A single adult who is an Indian resident, a guardian on behalf of minor/ person of unsound mind, can open PPF account with India Post. However, it needs to be noted that only one account can be opened all across the country either in Post Office or any Bank.

 

2. Deposit

Minimum deposit is Rs 500 in a Financial Year and Maximum deposit is Rs 1.50 lakh in a FY. Maximum limit of Rs 1.50 lakh shall be inclusive of the deposits made in his/her own account and in the account opened on behalf of minor. Amount can be deposited in any number of installments in a FY in multiple of Rs 50 and maximum up to Rs 1.50 lakh.

Also, account can be opened by cash/cheque and in case of cheque the date of realization of cheque in government account shall be date of opening of account/subsequent deposit in account. It can be noted that deposits qualify for deduction under section 80C of Income Tax Act.

3. Discontinuation of account

If in any financial year, minimum deposit of Rs 500 is not made, the said PPF account shall become discontinued. Loan/withdrawal facility is not available on discontinued accounts.

However, discontinued account can be revived by the depositor before maturity of the account by deposit minimum subscription (i.e. Rs 500) + Rs 50 default fee for each defaulted year.

4. Interest

Interest shall be applicable as notified by Ministry of Finance on quarterly basis. The interest shall be calculated for the calendar month on the lowest balance in the account between the close of the fifth day and the end of the month. Interest earned is tax free under Income Tax Act.

5. Withdrawal

A subscriber can take 1 withdrawal during a financial after five years excluding year of account opening. Amount of withdrawal can be taken up to 50% of balance at the credit at the end of 4th preceding year or at the end of preceding year, whichever is lower.

6. Maturity

Account maturity is after 15 F.Y. years excluding FY of account opening. On maturity depositor has the following options:-

a. Can take maturity payment by submitting account closure form along with passbook at concerned Post Office.

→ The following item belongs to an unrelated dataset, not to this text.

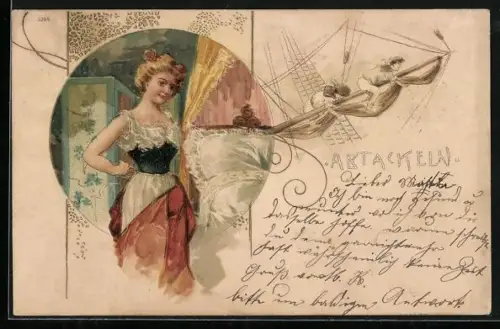 Lithographie Junge Dame am Bett, Matrosen auf Segelschiff, Jugendstil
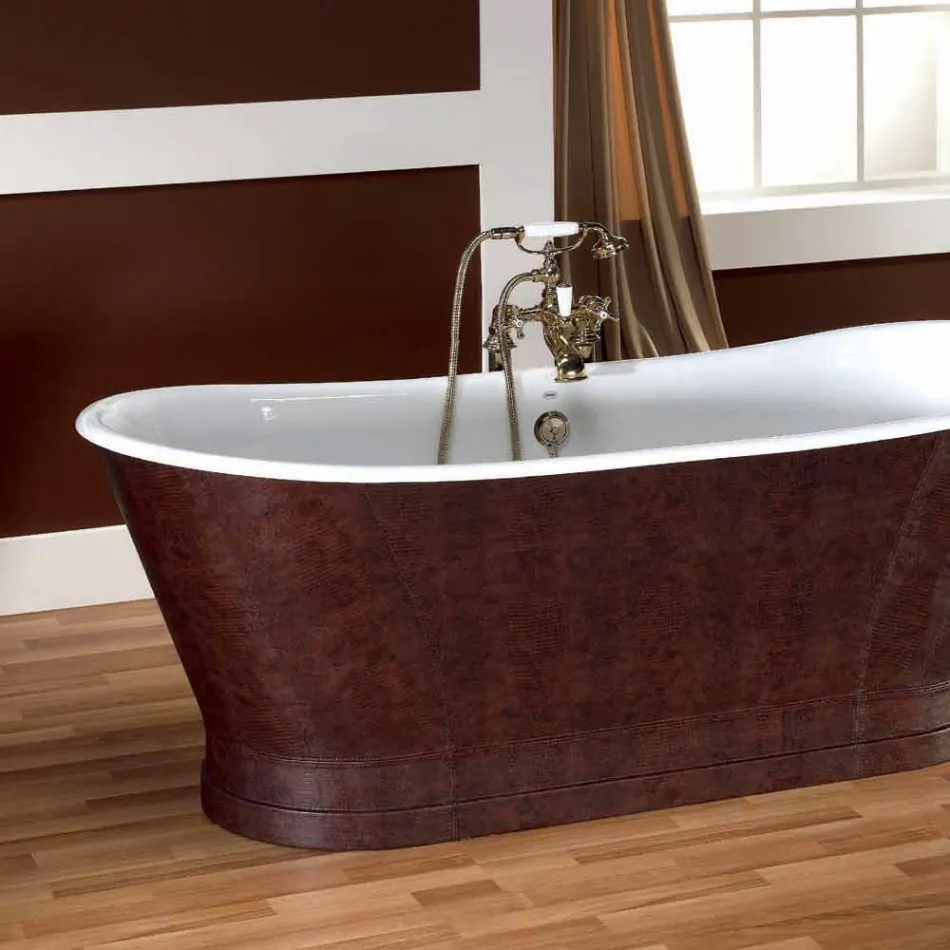 Bad met gietijzeren buitenbekleding leer Elsie Viadurini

b. Can retain maturity value in his/her account further without deposit, the PPF interest rate will be applicable and payment can be taken any time or can take 1 withdrawal in each FY.

c. Can extend his/her account for further block of 5 years and so on (within one years of maturity) by submitting prescribed extension form at concerned Post Office.

d. In extended account with deposits, 1 withdrawal can be taken in each FY subject to maximum limit 60% of balance credit at the time of maturity in the block of 5 years.

7. Premature closure

Premature closure shall be allowed after 5 years from the end of the year in which the account was opened subject to following conditions.

a. In case of life threatening disease of account holder, spouse or dependent children.

b. In case of higher education of account holder or dependent children.

c. In case of change of resident status of account holder ( i.e. became NRI).

At the time of premature closure 1% interest shall be deducted from the date of account opening/date of extension as the case may be. Account can be closed on above conditions by submitting prescribed form along with pass book at concerned Post Office.